◆ **What this task involves**:
The string "Home" may appear in lines of the listing. Report each line where it does.
--- Task data ---
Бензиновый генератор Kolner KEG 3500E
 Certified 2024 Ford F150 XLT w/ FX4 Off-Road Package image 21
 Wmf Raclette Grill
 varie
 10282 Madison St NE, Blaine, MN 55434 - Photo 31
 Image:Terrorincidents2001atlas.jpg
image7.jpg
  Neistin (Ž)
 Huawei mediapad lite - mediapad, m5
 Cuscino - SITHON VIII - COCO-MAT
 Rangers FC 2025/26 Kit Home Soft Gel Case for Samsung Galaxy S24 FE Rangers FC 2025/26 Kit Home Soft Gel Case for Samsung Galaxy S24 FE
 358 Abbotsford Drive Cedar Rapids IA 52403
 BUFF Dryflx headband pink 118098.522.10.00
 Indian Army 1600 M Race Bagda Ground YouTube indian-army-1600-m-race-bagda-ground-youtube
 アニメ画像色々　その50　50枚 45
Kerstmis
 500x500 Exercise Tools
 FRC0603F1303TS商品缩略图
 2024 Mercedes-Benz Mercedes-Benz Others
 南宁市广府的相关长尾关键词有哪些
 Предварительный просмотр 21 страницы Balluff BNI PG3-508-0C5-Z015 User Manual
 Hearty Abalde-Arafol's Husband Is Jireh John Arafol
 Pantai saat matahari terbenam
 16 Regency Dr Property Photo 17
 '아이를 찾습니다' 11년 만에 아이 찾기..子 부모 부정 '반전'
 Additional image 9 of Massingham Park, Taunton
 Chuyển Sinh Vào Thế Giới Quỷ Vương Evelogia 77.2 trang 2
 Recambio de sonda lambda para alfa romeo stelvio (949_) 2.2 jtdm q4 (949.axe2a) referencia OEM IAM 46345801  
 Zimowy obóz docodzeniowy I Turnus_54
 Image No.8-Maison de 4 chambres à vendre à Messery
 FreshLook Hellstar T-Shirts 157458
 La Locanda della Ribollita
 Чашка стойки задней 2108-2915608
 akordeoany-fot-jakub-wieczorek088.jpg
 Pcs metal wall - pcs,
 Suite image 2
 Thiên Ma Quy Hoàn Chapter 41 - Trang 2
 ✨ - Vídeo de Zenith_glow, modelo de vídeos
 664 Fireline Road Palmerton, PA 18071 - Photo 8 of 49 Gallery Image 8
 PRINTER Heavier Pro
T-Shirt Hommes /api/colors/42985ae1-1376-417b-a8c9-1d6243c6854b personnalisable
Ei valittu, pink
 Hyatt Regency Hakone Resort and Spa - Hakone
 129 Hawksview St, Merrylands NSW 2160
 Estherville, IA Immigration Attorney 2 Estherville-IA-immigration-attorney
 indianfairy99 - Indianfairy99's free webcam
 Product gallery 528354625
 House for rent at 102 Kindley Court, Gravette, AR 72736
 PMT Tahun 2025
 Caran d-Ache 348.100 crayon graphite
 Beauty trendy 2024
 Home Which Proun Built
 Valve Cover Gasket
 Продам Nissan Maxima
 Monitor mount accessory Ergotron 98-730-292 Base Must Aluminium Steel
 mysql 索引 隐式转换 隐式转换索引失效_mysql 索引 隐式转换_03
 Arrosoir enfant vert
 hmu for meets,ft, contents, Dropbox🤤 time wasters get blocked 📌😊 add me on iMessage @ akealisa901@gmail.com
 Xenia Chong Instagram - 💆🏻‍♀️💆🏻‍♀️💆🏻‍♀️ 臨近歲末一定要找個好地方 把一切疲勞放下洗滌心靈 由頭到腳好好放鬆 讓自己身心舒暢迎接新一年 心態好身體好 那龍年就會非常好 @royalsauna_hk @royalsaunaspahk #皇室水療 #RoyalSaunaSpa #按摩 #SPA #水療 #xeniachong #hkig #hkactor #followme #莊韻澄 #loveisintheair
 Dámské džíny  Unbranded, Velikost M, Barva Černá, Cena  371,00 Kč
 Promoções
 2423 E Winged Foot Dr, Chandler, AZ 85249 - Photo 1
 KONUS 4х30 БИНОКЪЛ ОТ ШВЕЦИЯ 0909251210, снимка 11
---
◆ **Solution**:
 Rangers FC 2025/26 Kit Home Soft Gel Case for Samsung Galaxy S24 FE Rangers FC 2025/26 Kit Home Soft Gel Case for Samsung Galaxy S24 FE
 Home Which Proun Built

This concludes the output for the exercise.